#### Exercise material
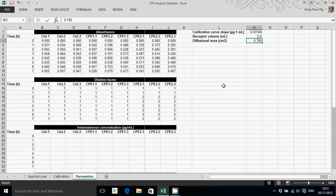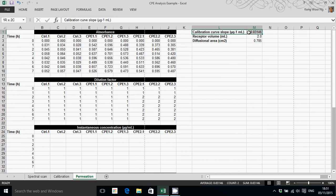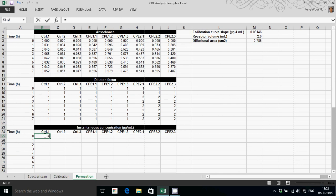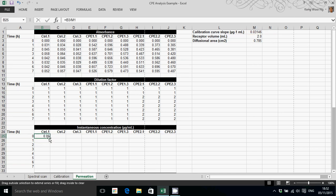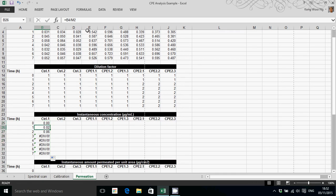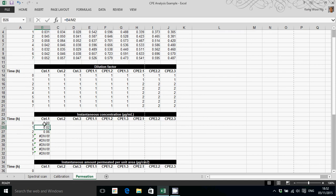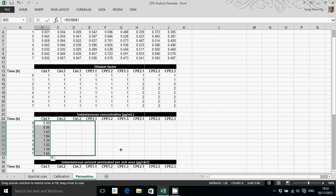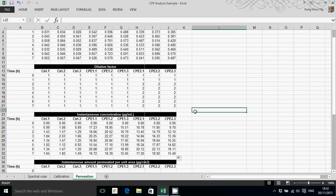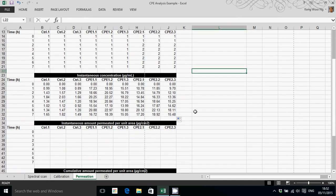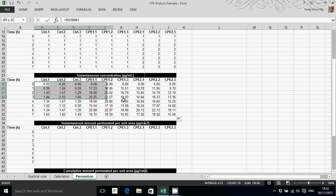In order to convert absorbance to concentration, you'll make use of the calibration curve slope. The calculation is very simple. Simply that is absorbance divided by the slope of the calibration curve. That gives you the concentration of the sample that you actually measured. And you just need to fix that cell by putting a dollar sign in front of the column and row numbers. Do that for all of the samples. Now at this point, we haven't taken into account the dilution factor. We'll do that in the next step.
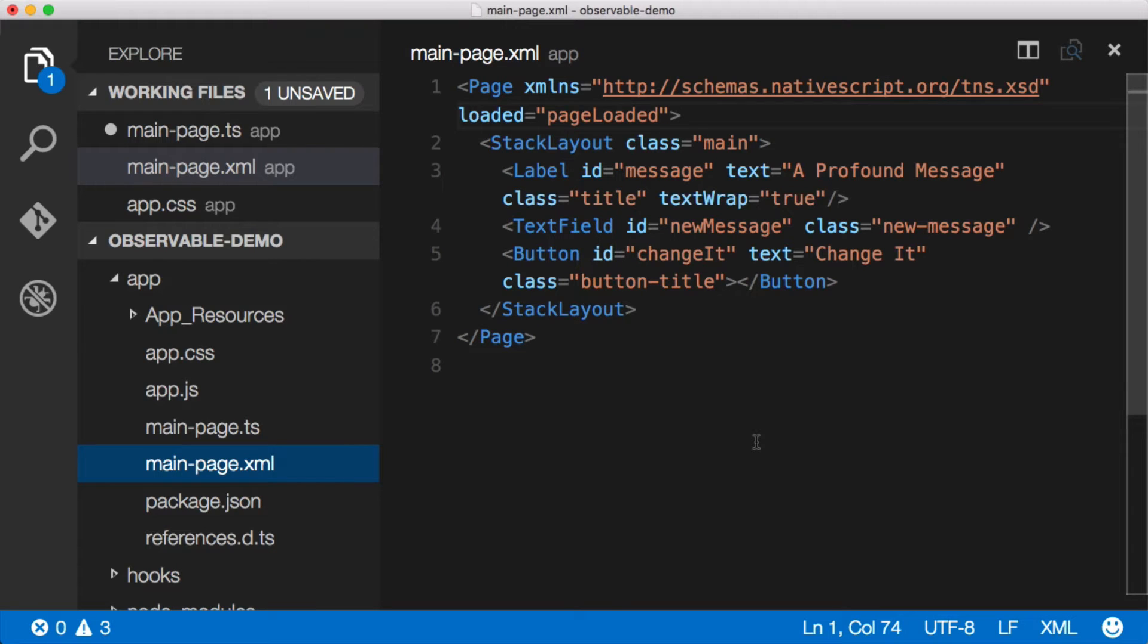Hey, this is Burke and today I want to talk about how to get and set control values in NativeScript.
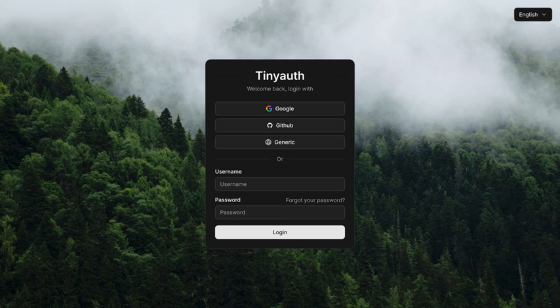I just stumbled upon this tool called TinyAuth, and it's seriously revolutionizing app security. It adds a login screen to your Docker apps. A simple authentication middleware that works with Docker? That's wild.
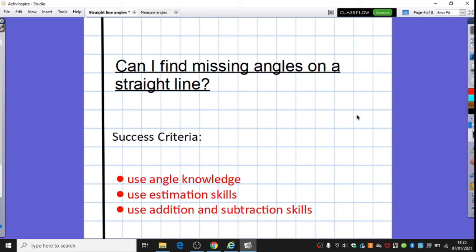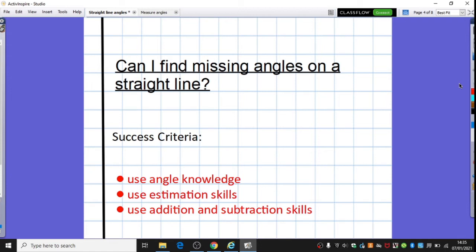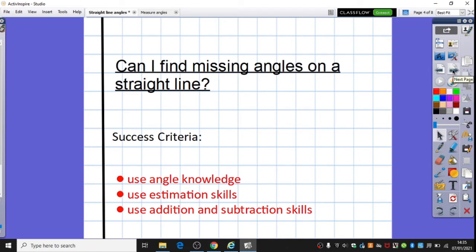The final lesson of the week: we're going to be looking at calculating missing angles on a straight line. In order to be successful today, we're going to need to use our knowledge of angles — in particular, the total of angles on a straight line. We may need to use some estimating skills to get an idea of roughly what we think the answer will be, and we're definitely going to need to use addition and subtraction skills.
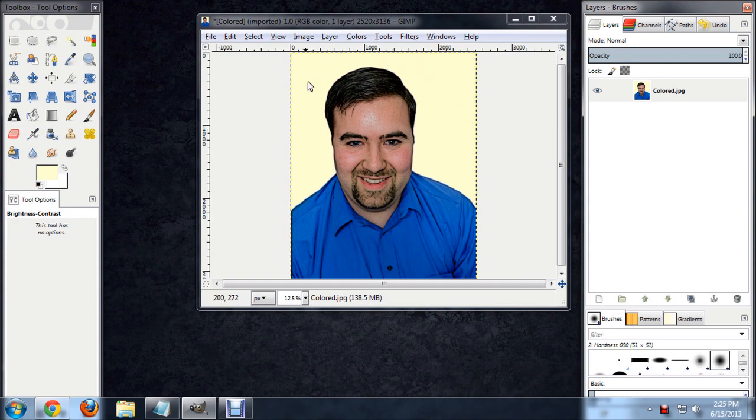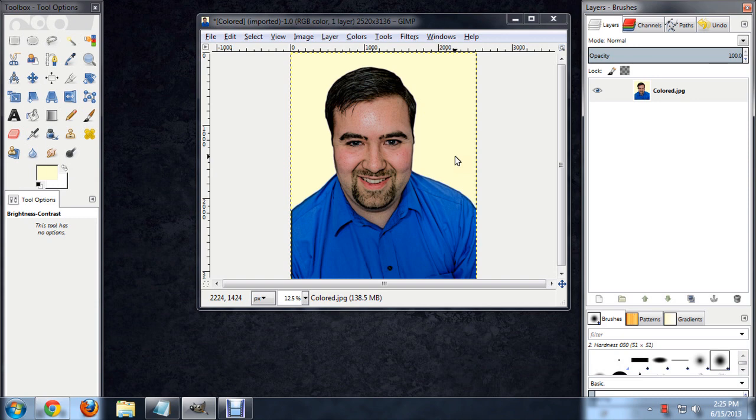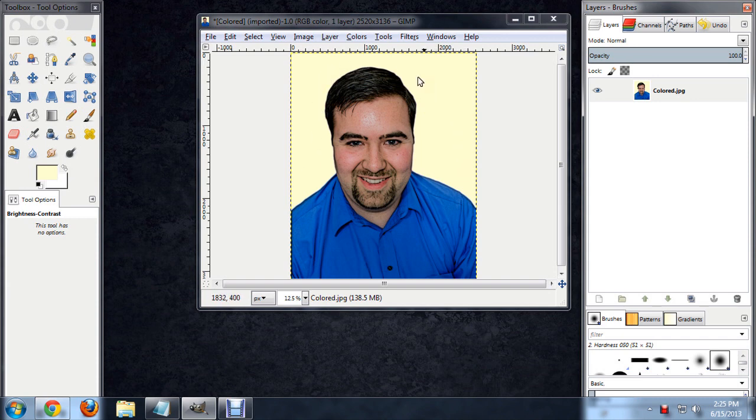It looks like the background was supposed to be white, but it's kind of yellowed a little bit. This can happen if you don't have the white balance settings set perfectly on your camera. So what I'm going to do is try to get that yellow to turn white.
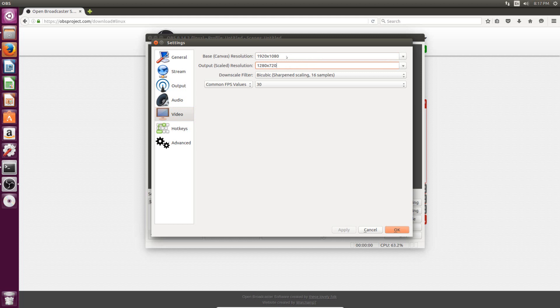Normally you're going to want both of those to be the same thing. And so like basically if you have a 1080p monitor, then you want to put both of these to 1920x1080. If you have a 720 monitor, then you'd want to put it to 1280x720p, which would be this option. So mine is a 1080p monitor, so I'm going to put these both as 1920x1080. And it basically just makes your output file look as good as possible.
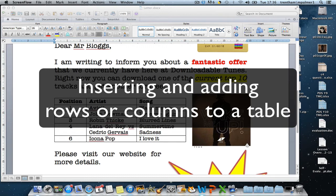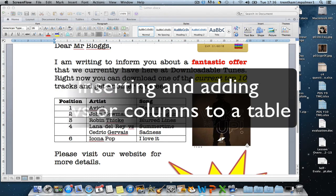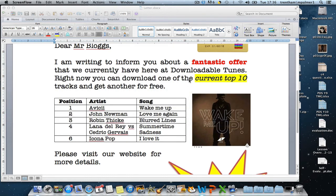In the beginner section of the videos, I created a video that showed you how to insert a table into a document. But what we didn't look at was what can we do if we miss something out.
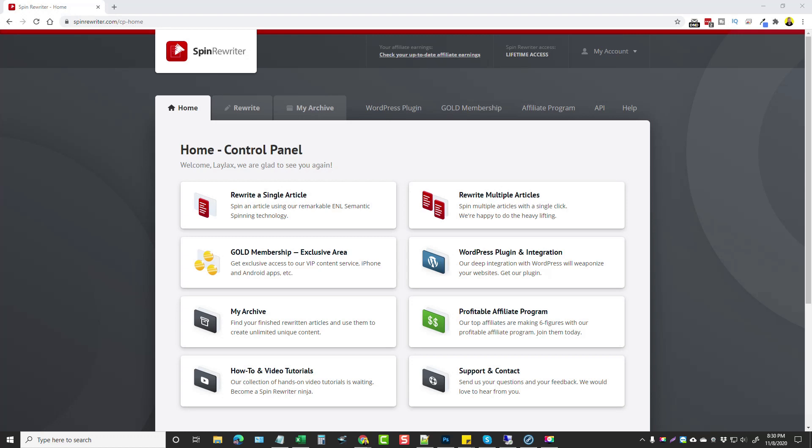Hey, this is Chris with vidsociety.com and in this video I'm going to be doing a review for you on Spin Rewriter version 11. There are some pretty big updates, enhancements, and a couple new features that are going to allow you to make even better articles by allowing you to visually see the content as it's being created, including adding images or even videos within your articles.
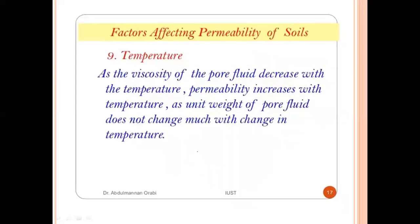The ninth factor is temperature. As the viscosity of the pore fluid decreases with increasing temperature, permeability increases with temperature. The unit weight of the pore fluid does not change much with temperature.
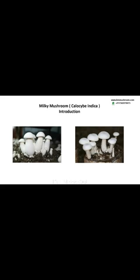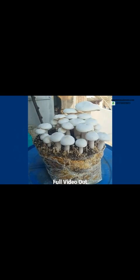Today you will learn about Callocybe indica, also known as milky mushroom. This is a species of edible mushroom native to India, also known as dood chatu sweta mushroom or milky. It's commonly called milky mushroom because of its white color.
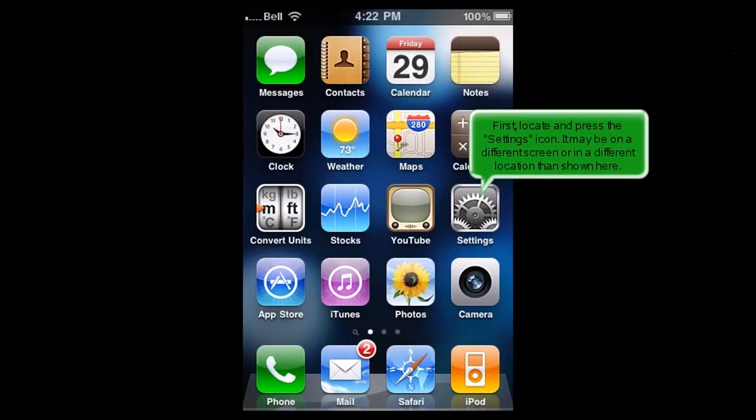First, locate and press the settings icon. It may be on a different screen or in a different location than shown here.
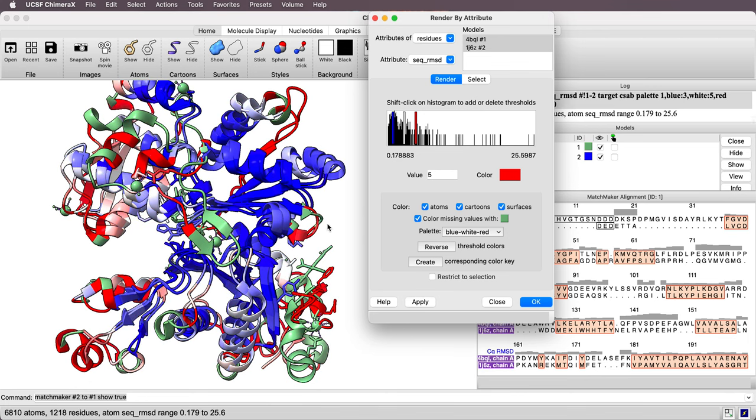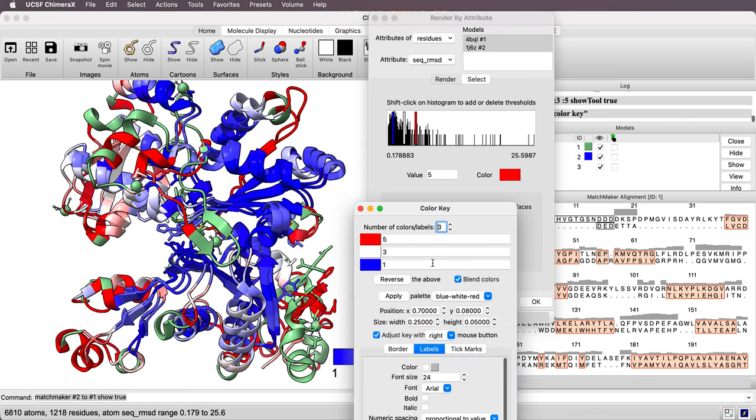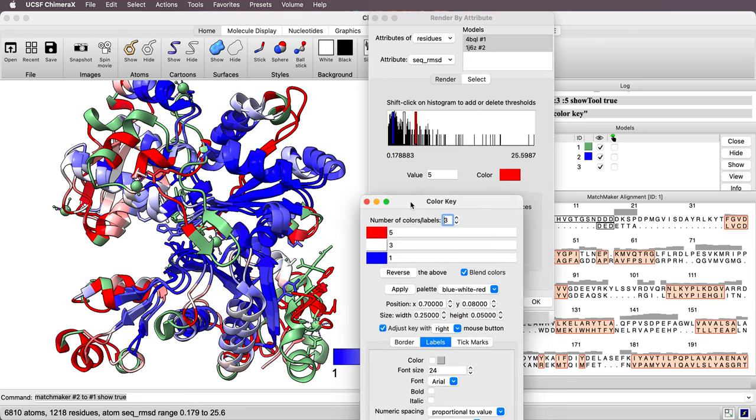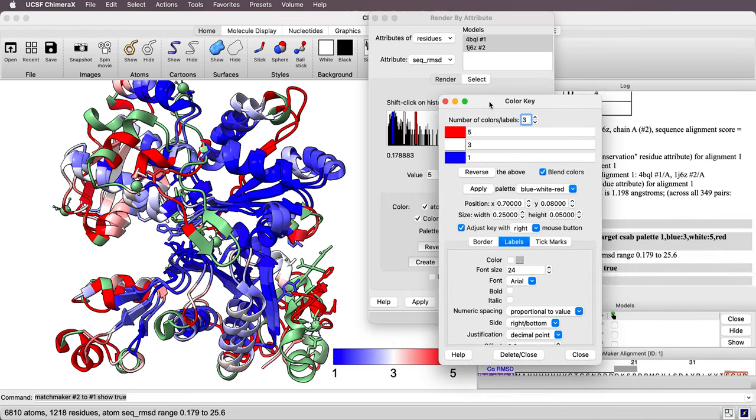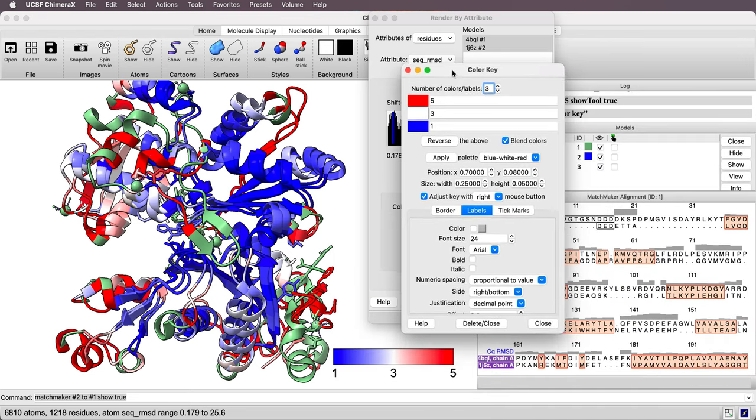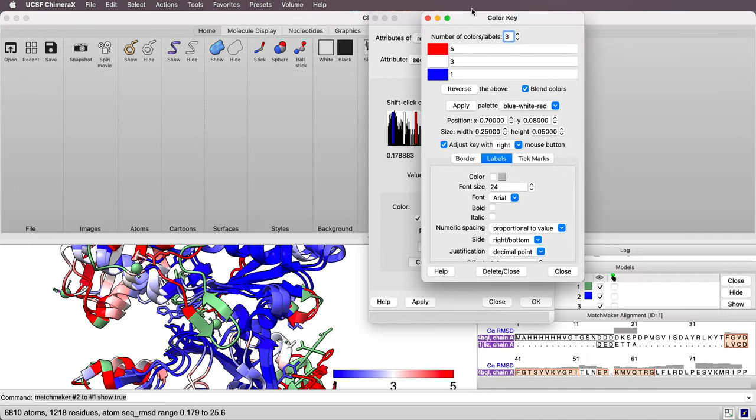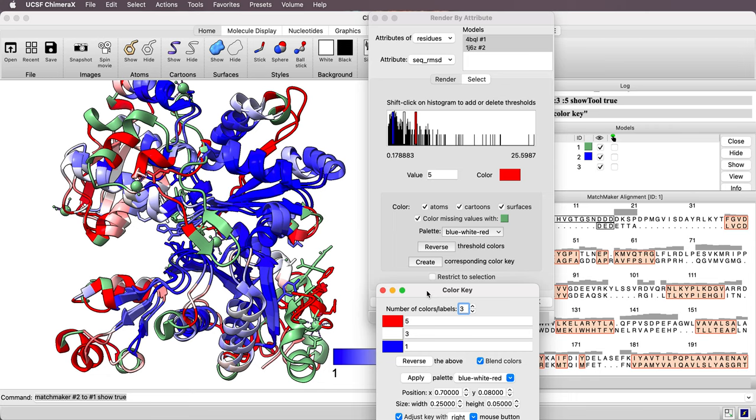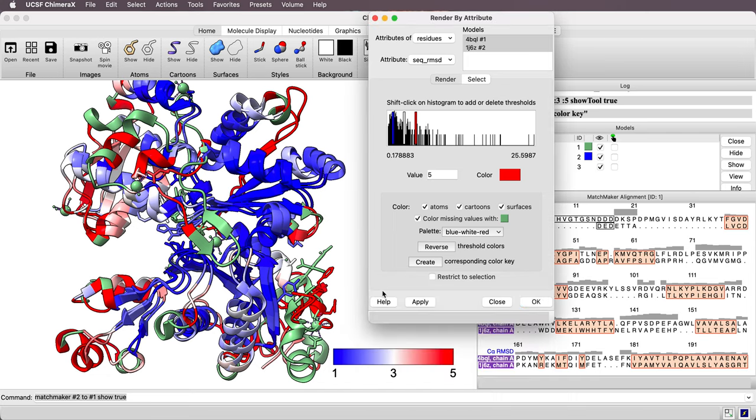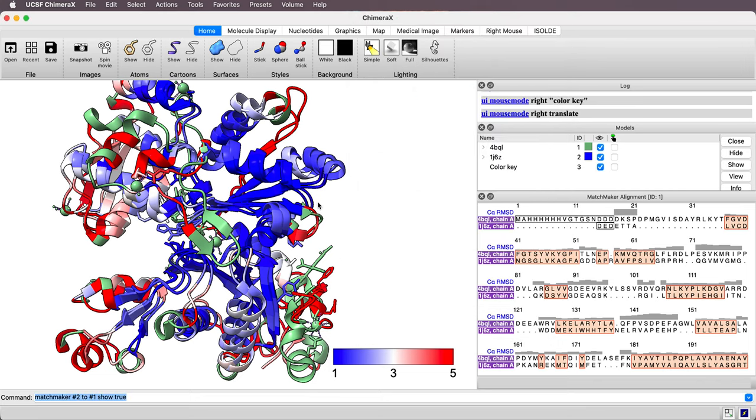I could also make a color key. There's this create corresponding color key button that I'll press. It brings up a panel. It made the color key and it brought up this panel that allows me to adjust the options, how big the color key is. I'm not going to change it at all. And I'm going to hide this render by attribute.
########
What to do
Each line of the data above should be reproduced without alteration, and no picture should appear in the copy.

Task result
In order to convert absorbance to concentration, you'll make use of the calibration curve slope. The calculation is very simple. Simply that is absorbance divided by the slope of the calibration curve. That gives you the concentration of the sample that you actually measured. And you just need to fix that cell by putting a dollar sign in front of the column and row numbers. Do that for all of the samples. Now at this point, we haven't taken into account the dilution factor. We'll do that in the next step.
Hey, this is Burke and today I want to talk about how to get and set control values in NativeScript.
I just stumbled upon this tool called TinyAuth, and it's seriously revolutionizing app security. It adds a login screen to your Docker apps. A simple authentication middleware that works with Docker? That's wild.
The final lesson of the week: we're going to be looking at calculating missing angles on a straight line. In order to be successful today, we're going to need to use our knowledge of angles — in particular, the total of angles on a straight line. We may need to use some estimating skills to get an idea of roughly what we think the answer will be, and we're definitely going to need to use addition and subtraction skills.
It looks like the background was supposed to be white, but it's kind of yellowed a little bit. This can happen if you don't have the white balance settings set perfectly on your camera. So what I'm going to do is try to get that yellow to turn white.
Normally you're going to want both of those to be the same thing. And so like basically if you have a 1080p monitor, then you want to put both of these to 1920x1080. If you have a 720 monitor, then you'd want to put it to 1280x720p, which would be this option. So mine is a 1080p monitor, so I'm going to put these both as 1920x1080. And it basically just makes your output file look as good as possible.
In the beginner section of the videos, I created a video that showed you how to insert a table into a document. But what we didn't look at was what can we do if we miss something out.
Hey, this is Chris with vidsociety.com and in this video I'm going to be doing a review for you on Spin Rewriter version 11. There are some pretty big updates, enhancements, and a couple new features that are going to allow you to make even better articles by allowing you to visually see the content as it's being created, including adding images or even videos within your articles.
The ninth factor is temperature. As the viscosity of the pore fluid decreases with increasing temperature, permeability increases with temperature. The unit weight of the pore fluid does not change much with temperature.
Today you will learn about Callocybe indica, also known as milky mushroom. This is a species of edible mushroom native to India, also known as dood chatu sweta mushroom or milky. It's commonly called milky mushroom because of its white color.
First, locate and press the settings icon. It may be on a different screen or in a different location than shown here.
I could also make a color key. There's this create corresponding color key button that I'll press. It brings up a panel. It made the color key and it brought up this panel that allows me to adjust the options, how big the color key is. I'm not going to change it at all. And I'm going to hide this render by attribute.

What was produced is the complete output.